Various experimental designs have been applied to investigate the principles of target enhancement, such as multiple object tracking (Howe et al., 2009), visual search (Adam & Serences, 2021), or Posner cueing designs (Doricchi et al., 2010). In the context of the multiple object-tracking task, two different attentional mechanisms have been suggested to explain target enhancement. According to the “push-only” mechanism, attention is “intentionally directed only toward targets and not toward distractors” (p. 2, Bettencourt & Somers, 2009; see Alvarez & Franconeri, 2007; Pylyshyn & Storm, 1988). This view suggests that attention acts as an amplification of target processing, leaving distractors unprocessed unless they intrude target selection. On the other hand, “push-pull” mechanisms hold that attention results in both enhancing target processing and suppressing the processing of distractor information (Pinsk et al., 2004; Posner et al., 1980; Somers et al., 1999; Yi et al., 2004). In this view, distractors automatically attract attention and thus may reduce target processing even if the distractors do not enter a target selection window. Active control mechanisms, such as the top-down deployment of attention, and/or passive pulls on attention, such as attentional capture, may “pull” attention away from distractors.
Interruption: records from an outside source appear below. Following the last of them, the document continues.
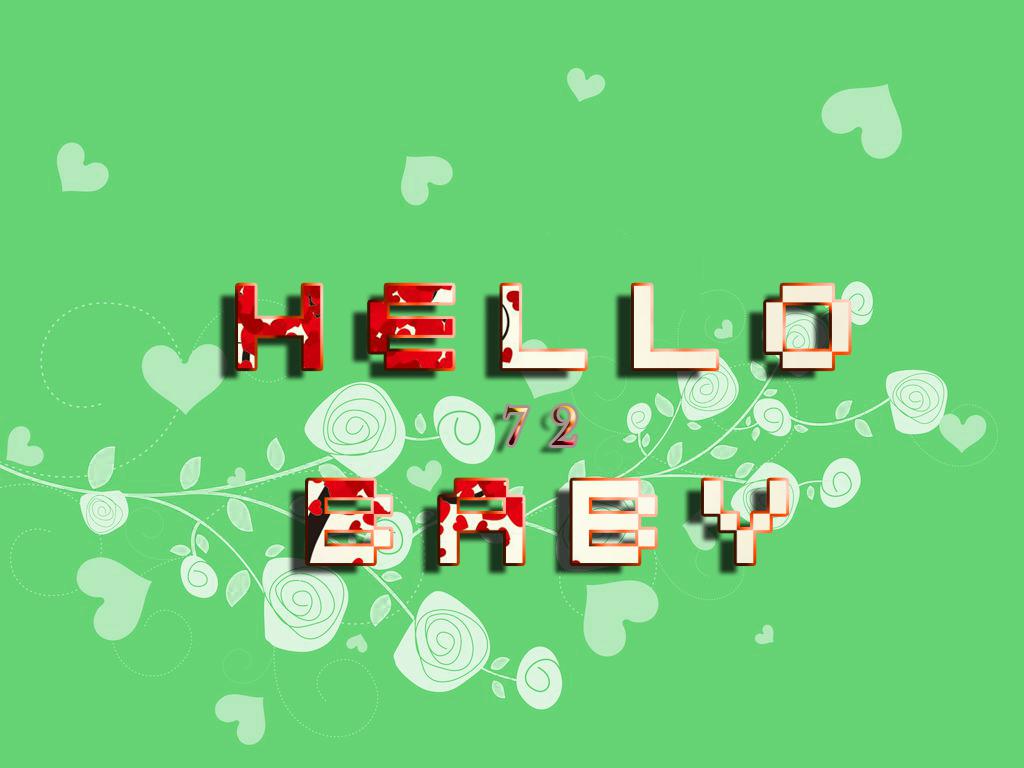 Hello baby专辑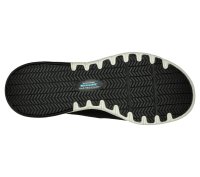 SKECHERS MARSING-WAIOLA Damen Sneaker Schwarz 38 EU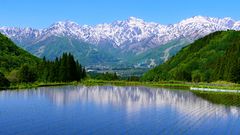 Nagano Berge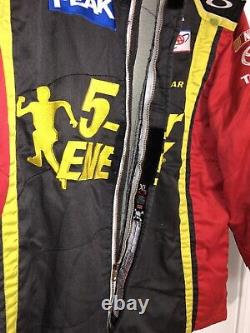 XL 38W x 33L Nascar Pit Crew Firesuit SFI Oakley Racing 5-Hour Energy Toyota TRD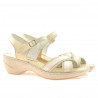Damen Sandalen 501 beige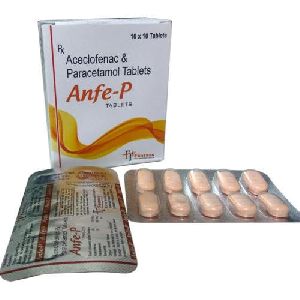 Aceclofenac Paracetamol Tablets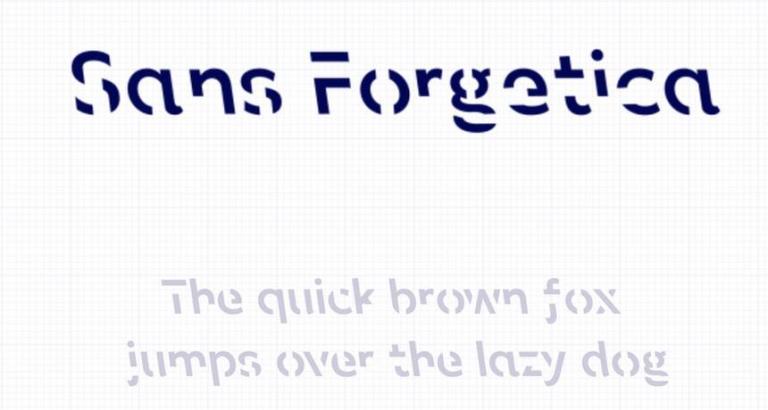 Try this wild new font designed to boost memory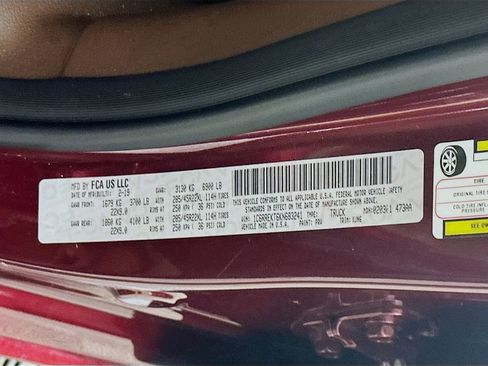 Used 2019 RAM 1500 Limited image 36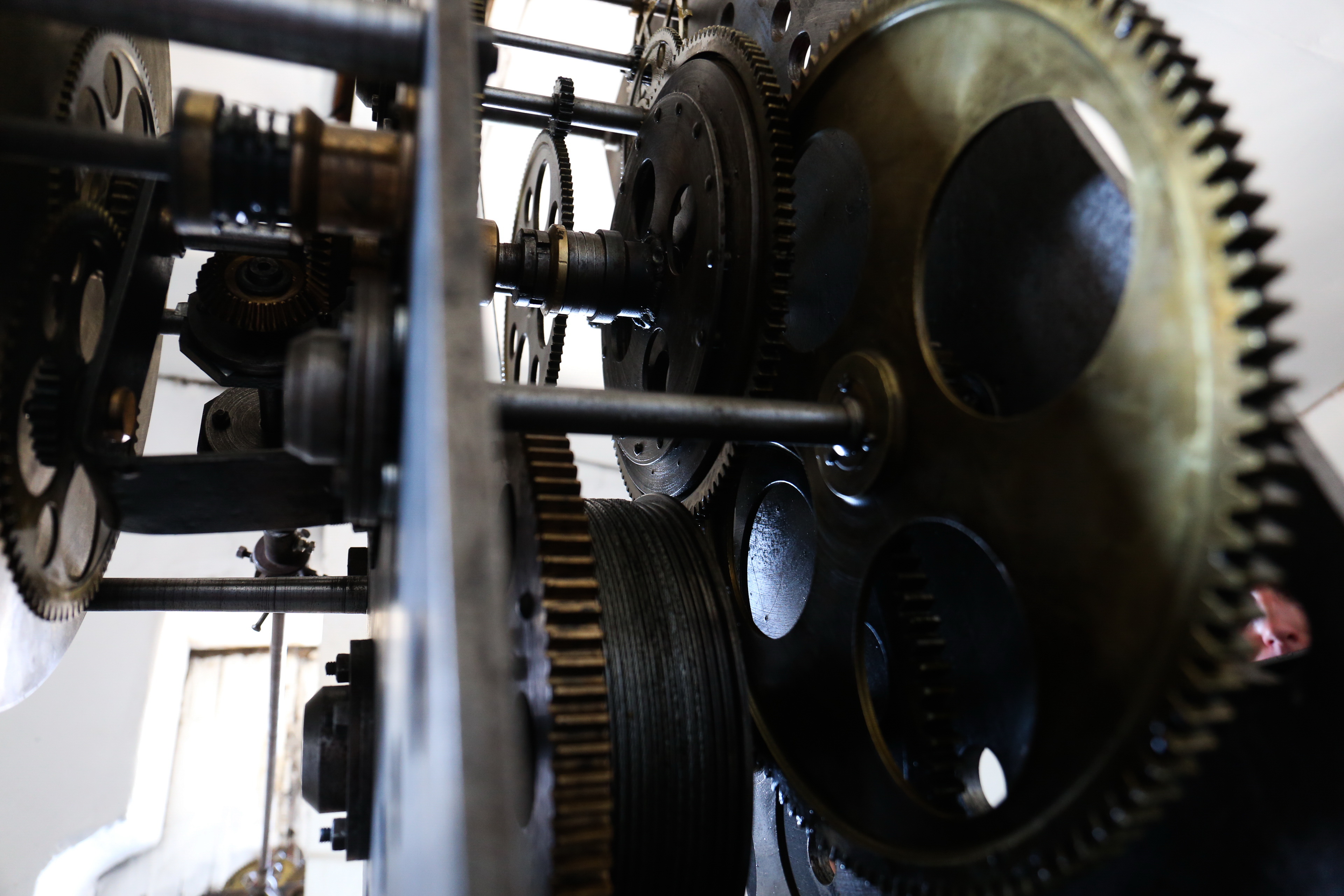 Дом с часами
The effect of load on target enhancement

Whereas the literature outlined above mainly focuses on target enhancement (higher neural signal to attended compared to unattended information), there are comparatively fewer functional MRI (fMRI) studies that address the question of how attention-based target enhancement might be modulated by load in early visual areas. The load theory of Lavie (1995) predicts that increasing perceptual load should lead to greater resource allocation at task-related locations, and concurrently reduced resources at distractor locations.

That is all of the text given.